Il Romanticismo ha sempre avuto un debole per il Medioevo. I grandi scrittori romantici come Walter Scott e Victor Hugo (ma anche i minori, come il nostro Massimo D’Azeglio con il suo Ettore Fieramosca) raccontavano il mondo cristiano faticosamente emerso dal crollo del sistema politico antico a un pubblico che sognava a occhi aperti storie di cavalier, d’armi e d’amori. I pittori dipingevano le rovine dei castelli gotici sullo sfondo di una natura ormai attraversata dalle locomotive a vapore, accanto a grandi scene di rievocazione storica su tele d’immense dimensioni, grandi come scenografie teatrali.

I musicisti, infine, erano i più accaniti sostenitori di questa generale e trasversale rivolta contro lo spirito dell’Illuminismo, che aveva bollato il Medioevo come un periodo di secoli bui, un’epoca dominata dalla superstizione religiosa e dall’ingiustizia più intollerabile.

Schubert, per esempio, sognava di raggiungere il successo in teatro con opere come Fierrabras, ambientata nella Spagna sconquassata dalle lotte tra principi mori e cavalieri cristiani. L’opera romantica tedesca, dal Freischütz di Weber in poi, inventa un Medioevo dai mille risvolti espressivi, che trovano la loro sintesi più alta nella poderosa fortezza artistica e spirituale della produzione di Wagner. Tannhäuser, Lohengrin, Die Meistersinger von Nürnberg e Parsifal formano un possente quadrilatero spirituale dell’identità tedesca, che per Wagner affondava le radici nella fedeltà alla patria e alla lingua materna che le sparse tribù e stirpi rimaste al di qua del Reno avevano saputo serbare al declino dell’Impero carolingio. La cultura tedesca è rimasta legata a questa visione, grazie alla formidabile forza espressiva dell’arte di Wagner, e sono ben pochi i musicisti tedeschi del tardo Ottocento e del Novecento che hanno saputo sottrarsi all’influenza del teatro di Bayreuth.

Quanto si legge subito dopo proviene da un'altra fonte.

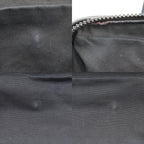 Bottega Veneta Canvas And Leather Gray Black Tote Bag — view 8
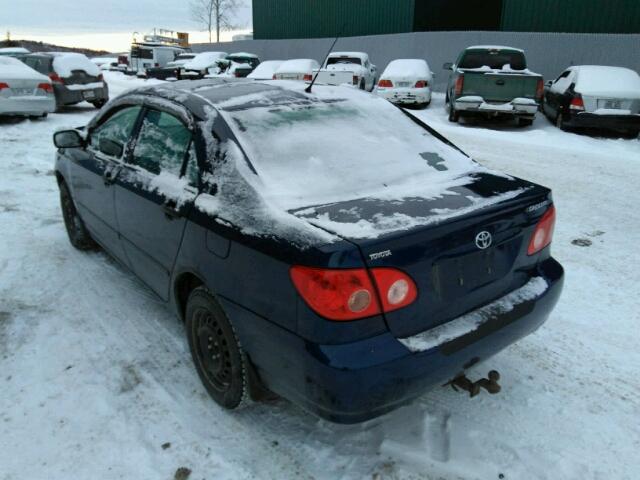 2T1BR32E95C897891 - 2005 TOYOTA COROLLA CE BLUE photo 3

Certamente non Richard Strauss, il maggior autore teatrale della musica tedesca dopo Wagner, e nemmeno quell’eclettico e difficilmente classificabile musicista che è Carl Orff. Il loro Medioevo, ovviamente, assume tinte differenti da quello di Wagner.

Come avremo modo di ascoltare venerdì 6 settembre (Teatro Regio, ore 21), Till Eulenspiegel di Strauss è una maniera ironica e metaforica di rievocare la Germania di Dürer e dei Comuni, mentre i Carmina Burana di Orff rappresentano il tentativo di piegare la scabra rudezza della primitiva poesia in lingua latina del mondo medioevale tedesco a un linguaggio musicale moderno e antiromantico.

Del resto, non desta sorpresa che il Medioevo sia rimasto così a lungo un punto di riferimento per l’arte tedesca: quale altra lingua ha continuato a essere letta e stampata in caratteri gotici fino alla metà del Novecento?